Errors in a query can be raised in either the static analysis phase or the dynamic evaluation phase. These two phases are roughly analogous to compiling and running program code. Certain XQuery implementations take a more aggressive approach to finding type-related errors in the static analysis phase. These implementations are said to support static typing.
Static typing, as the term is used in XQuery, refers to raising all possible type errors at analysis (compile) time rather than evaluation (run) time. This is sometimes referred to as pessimistic static typing, where the philosophy is to raise any errors that could possibly happen, not just those that it knows will happen. The static typing feature of XQuery is optional; implementations are not required to support static typing, and many do not fully support it.

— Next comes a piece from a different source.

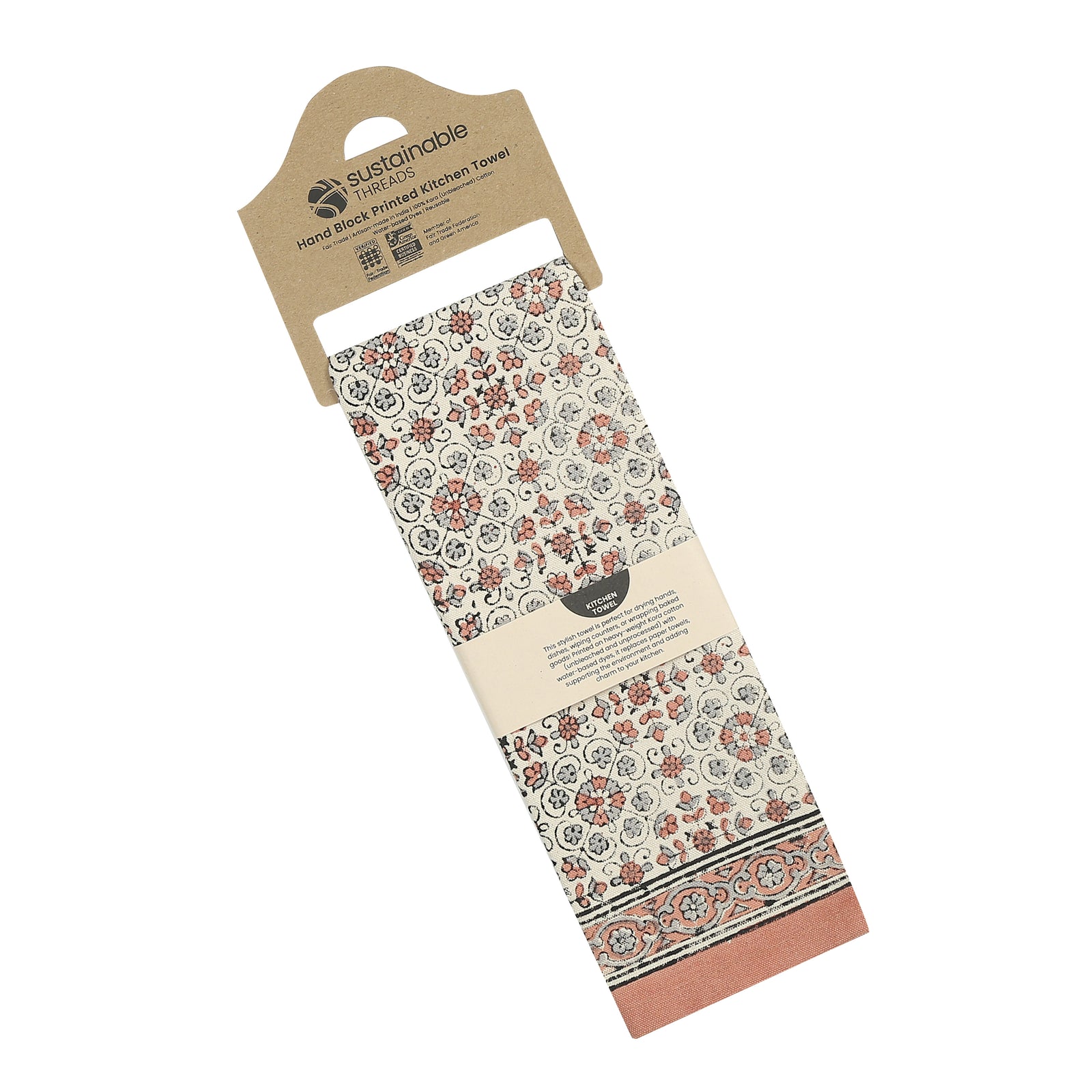 Cotton Kitchen Towel | Hand Block Printed | Lily  | Earth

The fact that a processor doesn’t support this feature doesn’t mean that it is doing no compile-time analysis. It might use the analysis transparently for optimization purposes, or it might raise some errors at compile time; but in this case, it will raise errors optimistically. It will only raise errors when it can see that there is definitely something wrong, like in the expression "x" + 3
, and not simply in cases of ambiguity, as in $x + 3
, where the value of $x
depends on some input data.
Static typing has the advantages of allowing type errors to be caught earlier and more reliably, and can help some implementations optimize queries. However, as you will see in this chapter, it can also be an irritation to query authors in that it raises many “false” errors.
As part of the static typing process, the processor checks all expressions in a query and assigns them a static type, which is the supplied type of the expression. For example, the expression "abc"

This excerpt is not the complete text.